“Broadband television will ultimately adopt the attributes of the web, providing access to an almost limitless selection of programs,” said Dr. William Cooper, a convergent media specialist and co-author of the report released Monday.
Cable TV, the study asserts, can only offer a couple of hundred stations because it is limited by the fact that it broadcasts all of its channels over its network all the time. IPTV, on the other hand, delivers one channel at a time to viewers’ homes, using various video compression formats.
The report, “IPTV: Broadband Meets Broadcast —The Network Television Revolution,” concludes:
- Within a decade, video services delivered over broadband networks will be firmly established as an alternative platform to digital satellite, terrestrial and cable transmission.
- The real competition will come not between operators of rival platforms, but between closed and open networks.

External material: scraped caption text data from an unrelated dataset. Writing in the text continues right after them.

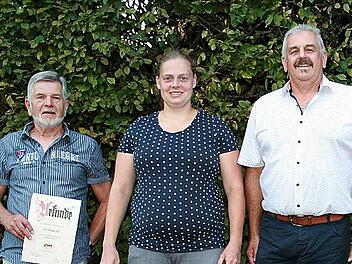 Vorsitzender Egon Kessler (von rechts) gratulierte Schriftführerin Insa Forstreuter und Hilmar Sell (50 Jahre Mitgliedschaft).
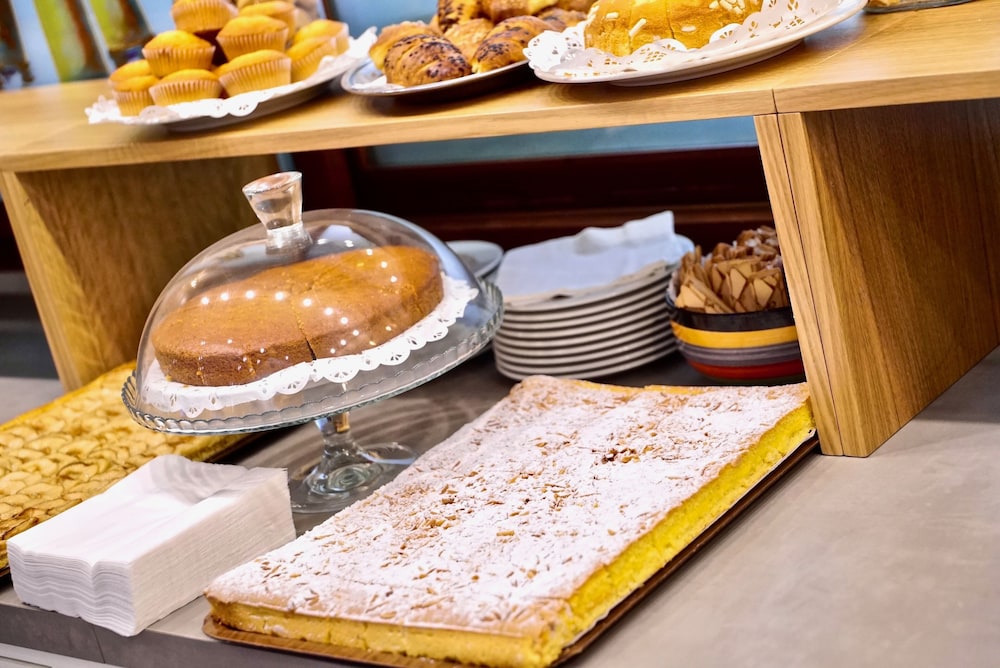 Hotel Centrale — Restaurant & bars in Mestre, Veneto
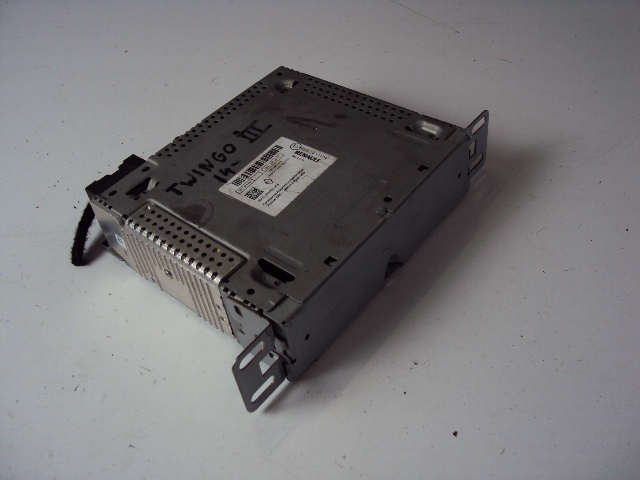 радио renault TWINGO III 2014-`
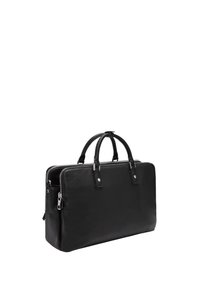 Malette en cuir noir avec double poignées, fermeture éclair et forme rectangulaire. Présente une texture lisse et un design minimaliste.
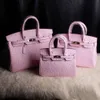 Bolsas de grife de luxo moda totes 2019 novo couro genuíno bolsa feminina couro original rosa avestruz padrão saco portátil bolsa ombro 25cm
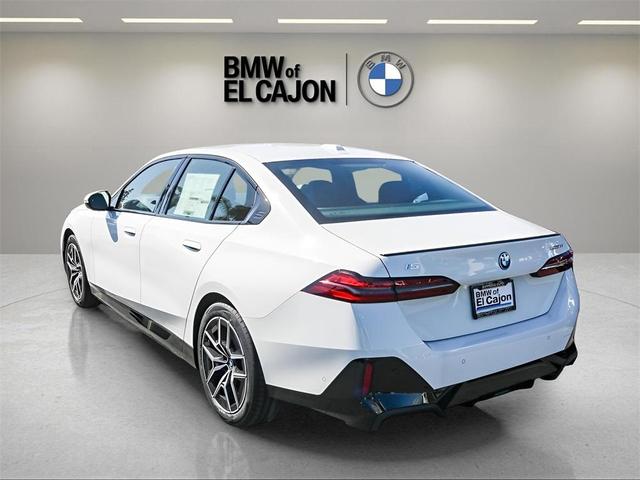 Photo of 2025 Alpine White BMW i5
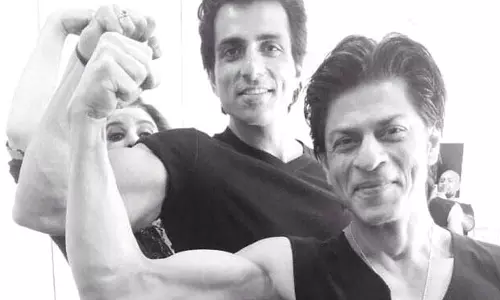 Sonu Sood की जन्मदिन की शुभकामनाओं पर शाहरुख खान की प्रतिक्रिया Sonu Sood की जन्मदिन की शुभकामनाओं पर शाहरुख खान की प्रतिक्रिया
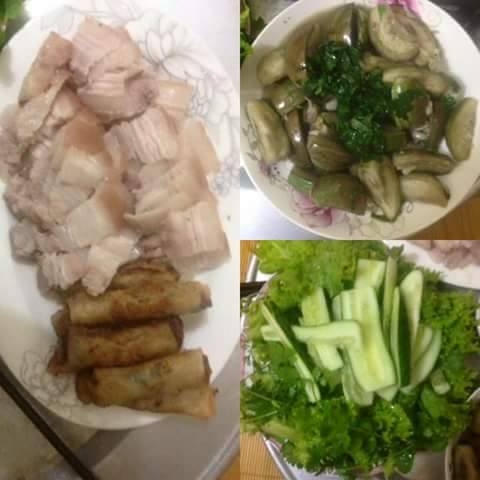 Rau sạch tự trồng, thịt lợn quê gửi ra đảm bảo dinh dưỡng cho bữa ăn của chị Phượng.
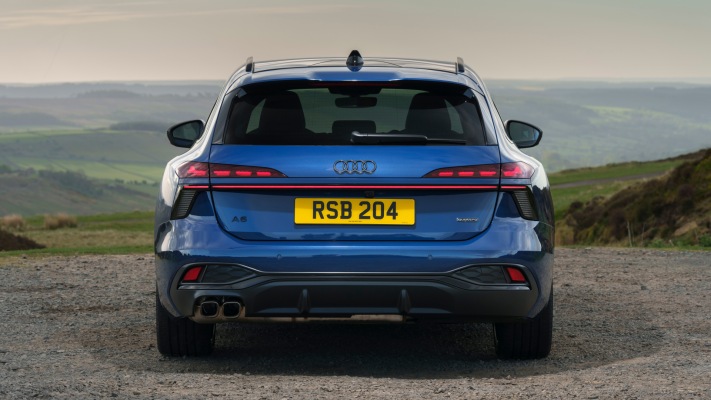 Audi A6 Avant Launch Edition UK Version 2026. Desktop wallpaper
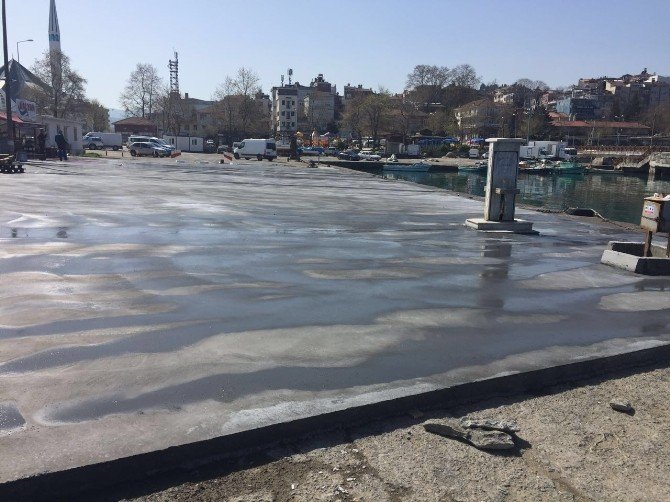 Akçakoca’nın Balıkçıları Limana Sahip Çıktı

- Television will become more like the web, as scheduled broadcast channels are displaced by the choice of millions of download and on-demand programs.
- Broadcast television services will be challenged by an open source TV distribution model, offering a much more diverse choice of free and pay programming over the Internet.
Radium owns Interactive Television Networks, which offers XTV using IPTV to deliver nearly six dozen adult content channels.
“We already have experienced phenomenal growth,” Prast said. “XTV is light years ahead of New Frontier [Media], Playboy and Spice. We offer 70 channels for the price of just one of those channels, and our customers are delighted to experience them uncensored.”
Interactive Television Networks, or ITVN, sells a $100 set-top box to receive XTV and charges $30 a month for a package of channels.
Now ITVN is expanding its offerings with more mainstream fare. The first new package is Silver Screen, a $5 collection of nine channels featuring old black-and-white movies. It also plans to roll out a Russian and Ukrainian news channel for $10.
Verizon is currently testing its own IPTV service in Texas, and other companies, such as TiVo and SBC, are also experimenting with IPTV.
The 200-page report on IPTV includes 25 case studies and provides an assessment of the fast-emerging landscape.